もくじ

日曜日

 私が知っている日曜日は、父が不在の日曜日だった。うーんと幼かった頃は、きっと家族で過ごしていたのかも知れないが、覚えていないから仕方がない。たまに居たりするのは、職場対抗の野球大会があったり、景気が良くて日曜日も製材所が操業しているとか、そんな時だけだった。

 父が出かける時は、
 ----おい、出かけるぞ、の一言。
 母が背広を出して、後ろから着せている。パチンコだったら後で缶入りドロップのおみやげがあのポケットから出て来るはずだ。何処に行くともはっきり言わないまま父は日曜日になると出かけた。

 そのうちに土曜日の夜から出かけるようになった。母に聞いても、
 ----きっと、阿蘇でしょう〜、と曖昧な答えだった(父のふる里は阿蘇で、馬や家畜がいろいろといて、それはのどかな風景だったが、、、)。 それに母も
 ----いつ帰られますか? とだけ聞いて、決して何処へ?とは聞いてはいなかった。

 子どもながらその微妙なニュアンスの変化を感じ取りながら、たまたまその土曜日とか日曜日が自分の誕生日だったり、クリスマスだったりすると、父に出かけないようにと迫った。そんな時の父は、ニコッと笑みを浮かべはするが、自分の予定を変えることはなかった。

 あたりまえのようになっていた父の外出をうちでは『おでかけ』という言葉で表すようになっていた。
 慣れて来ると、恐い父がいない日曜日はのびのびとしてくつろいだ気分の日になった。母も勝手に過ごして、母と子どもたちだけで買物とか食事に出かけるようになっていった。

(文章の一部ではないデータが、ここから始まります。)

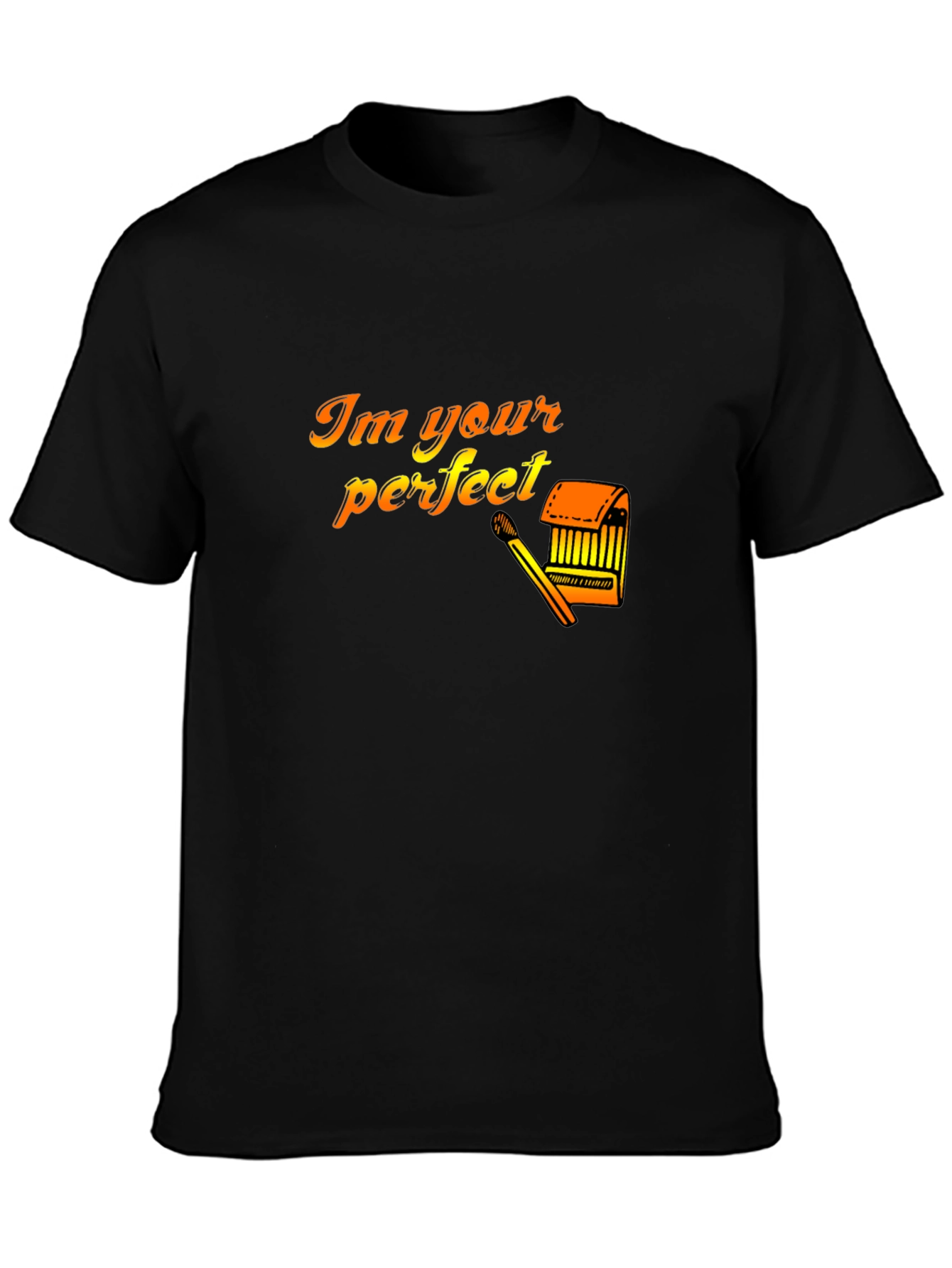 Im Your Perfect Matchstick T-Shirt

 そんな家庭の状況を利用して、母は『日曜会』というものを作った。
 子どもの保育園で親しくなったお母さんたちの集まりだ。小学校に行くようになっても 月に一度でも集まって、お茶とお菓子で語り合おうという訳だ。
 決して広くはない、製材所の二階の六畳は、楽しいパーティー会場だった。母の企画力というのは、誰でもが気楽な気分にさせられる雰囲気作りだった。どこの家庭も経済的にも家族の間にも問題を抱えていたようだったが、集まって話すうちに気がまぎれるようだった。

 その日曜会の最中に、何故か突然父が帰って来たことがあった。一瞬みんなが慌てた。取り繕う母と、
 ----どうぞ、ごゆっくり、と言う父。しばらくやって行くうちに、だんだんと参加者が減り、とうとうなくなってしまった日曜会。もう私も小学二年生になっていたと思う。

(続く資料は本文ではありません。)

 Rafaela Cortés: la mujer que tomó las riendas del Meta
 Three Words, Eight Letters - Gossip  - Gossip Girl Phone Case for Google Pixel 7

 袋工場を始めたのもちょうどその頃で、みんながワサワサとして来て、わが家も経済成長期に突入して行った。母の日曜日の過ごし方は、平日にやりきれなかった袋の印刷や、袋の縁のミシンがけをしていた。兄や私も お小遣いの餌に釣られて手伝ったりした。ほんとうに休みの取れる日は、母はよっぽど疲れているらしくて、TVを見ている子どもたちの横でゴロゴロしていた。そんな時は決まって、
 ----お昼は、なんかとろうかね〜、と電話をつかんだものだ。中華料理店から酢豚の大皿が届くと配達の人に、
 ----お皿は、今日中に取りに来てください、と付け加えていた。厳しい父への用心なのだと子どもにも分かった。

 夫婦という家庭の根源がうつろなままで、母が工夫して作って行った生活の楽しさやおもしろさは、近隣の人や、お友だちには暖かく映っていたようだ。袋工場の女の人たちの夫婦問題にも、しっかり相談に乗っていたのだから。少し大きくなった私に、ある時母は言った。
 ----男の人は、あちこち遊び回るけど、結局最後は、妻の所にしか帰るところはないのよ。他の誰が、最後までめんどう見切るねー。

 最後には、母が予告していた通りに、父はもうあんまり出かけなくなっていた。しかしその頃は、兄も家を出て下宿していたし、私も中学生でクラブ活動。もう家族が揃うことは、少なくなっていた。